Kaggle contests mostly focus on the performance aspect of models. Whereas, to develop an ML product, things like access to data, preprocessing, refinement of models in accordance with the customers, periodic monitoring to improve models and a whole bunch of other challenges surface.
However, he has great admiration for the Kaggle community, for the way it facilitates the upskilling of an amateur through forums, kernels, and the sharing of winning solutions.
For job seekers, he stresses the importance of being consistently curious. This trait is more valuable than one’s Kaggle achievements because at the end of the day, companies are looking for those who are readily deployable with the least amount of training.
“AI is not the solution for all tasks. Sometimes common sense is a better approach.”
Although the current frameworks and libraries have made launching deep learning algorithms relatively straightforward, it is of utmost importance that one has a grip on the fundamentals. For starters, Mathurin recommends the deep learning course by Andrew Ng and Jeremy Howard’s fast.ai course, which have helped him tremendously.
Looking Beyond The Hype
Speaking of how the whole ecosystem around AI has evolved, Mathurin recalls the time when the yesteryear’s data miners would spend long hours exploring each variable retained in a model and produce as many as 20 models per year.
“20 years ago, they were called statisticians, later data miners and now they have reincarnated as data scientists.”
Mathurin, unlike most data scientists of the day, is a veteran of his class.

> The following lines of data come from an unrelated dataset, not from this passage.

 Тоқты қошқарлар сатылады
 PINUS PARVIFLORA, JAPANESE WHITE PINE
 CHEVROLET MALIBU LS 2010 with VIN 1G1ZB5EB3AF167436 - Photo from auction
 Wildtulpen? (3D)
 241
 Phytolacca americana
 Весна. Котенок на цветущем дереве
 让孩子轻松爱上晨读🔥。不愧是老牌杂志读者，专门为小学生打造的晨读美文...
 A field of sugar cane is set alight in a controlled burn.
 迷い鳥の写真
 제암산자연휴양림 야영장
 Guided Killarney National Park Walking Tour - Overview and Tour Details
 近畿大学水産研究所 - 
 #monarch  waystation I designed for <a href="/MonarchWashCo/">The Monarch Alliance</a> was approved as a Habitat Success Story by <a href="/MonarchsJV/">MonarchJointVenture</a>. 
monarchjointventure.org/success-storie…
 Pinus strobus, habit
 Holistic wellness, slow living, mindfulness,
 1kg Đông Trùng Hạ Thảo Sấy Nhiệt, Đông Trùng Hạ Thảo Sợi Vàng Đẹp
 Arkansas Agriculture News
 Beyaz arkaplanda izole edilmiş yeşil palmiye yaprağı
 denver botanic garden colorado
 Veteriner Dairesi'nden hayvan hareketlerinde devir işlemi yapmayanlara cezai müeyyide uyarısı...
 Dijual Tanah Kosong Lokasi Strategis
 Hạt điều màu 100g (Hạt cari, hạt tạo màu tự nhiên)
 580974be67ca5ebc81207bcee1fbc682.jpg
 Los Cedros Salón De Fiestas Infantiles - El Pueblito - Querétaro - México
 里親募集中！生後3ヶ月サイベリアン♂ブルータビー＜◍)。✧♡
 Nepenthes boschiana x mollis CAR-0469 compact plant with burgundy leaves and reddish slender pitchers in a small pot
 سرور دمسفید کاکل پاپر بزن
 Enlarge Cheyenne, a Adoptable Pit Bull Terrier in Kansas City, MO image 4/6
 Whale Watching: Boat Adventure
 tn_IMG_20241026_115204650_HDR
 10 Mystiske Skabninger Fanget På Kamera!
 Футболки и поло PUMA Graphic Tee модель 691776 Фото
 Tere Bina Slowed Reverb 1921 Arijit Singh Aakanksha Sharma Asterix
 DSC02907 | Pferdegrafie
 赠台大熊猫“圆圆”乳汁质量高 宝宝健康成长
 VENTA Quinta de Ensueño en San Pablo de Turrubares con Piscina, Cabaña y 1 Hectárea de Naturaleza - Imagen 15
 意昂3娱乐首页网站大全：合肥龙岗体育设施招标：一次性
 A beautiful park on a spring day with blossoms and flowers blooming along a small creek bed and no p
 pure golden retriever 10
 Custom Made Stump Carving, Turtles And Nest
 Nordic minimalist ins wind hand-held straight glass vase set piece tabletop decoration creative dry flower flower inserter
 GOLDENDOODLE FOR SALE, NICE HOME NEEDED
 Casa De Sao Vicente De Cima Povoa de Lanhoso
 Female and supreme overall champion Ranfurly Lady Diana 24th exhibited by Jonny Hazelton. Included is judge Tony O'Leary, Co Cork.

He worked for Orange, a telecom giant, where he held various roles that involved data analytics. So, he is no stranger to the game.
At his current company, Prevision.io, Mathurin explains that he and his team are developing tools for data scientists that are easy to use, fast and robust.
As he doubles down on the significance of AutoML, he elaborates the two common aspects of this approach:
- It should be flexible enough and modular so that everyone can find what they need and what they are looking for. It can be hyper optimization of parameters or drift detection or algorithm benchmarking.
- Secondly, since few domain experts consider the current level of autoML not to be good enough, he insists on making AutoML products that focus more on improving feature engineering and reducing the time to search for hyperparameters – a crucial aspect of meta-learning.
“Back then SVM was the top algorithm, then came the random forests, then the gradient boosting with xgboost, lightgbm and catboost. Now we are talking about machine learning, AutoML.”
At the pace at which new tools get released, there is no doubt that the abilities of machine learning are sometimes blown out of proportion. The kind of attention it gets, sometimes clouds the ground truth and nudges people into believing that it is the holy grail of solutions.
With all the significant developments happening almost every day, it might be overwhelming for an outsider, and they may be tempted to jump on the AI bandwagon. Though Mathurin firmly believes that tools such as those of AutoML and other domains will play a crucial role, he warns us of the dangers of “AI is the cure for all” notion.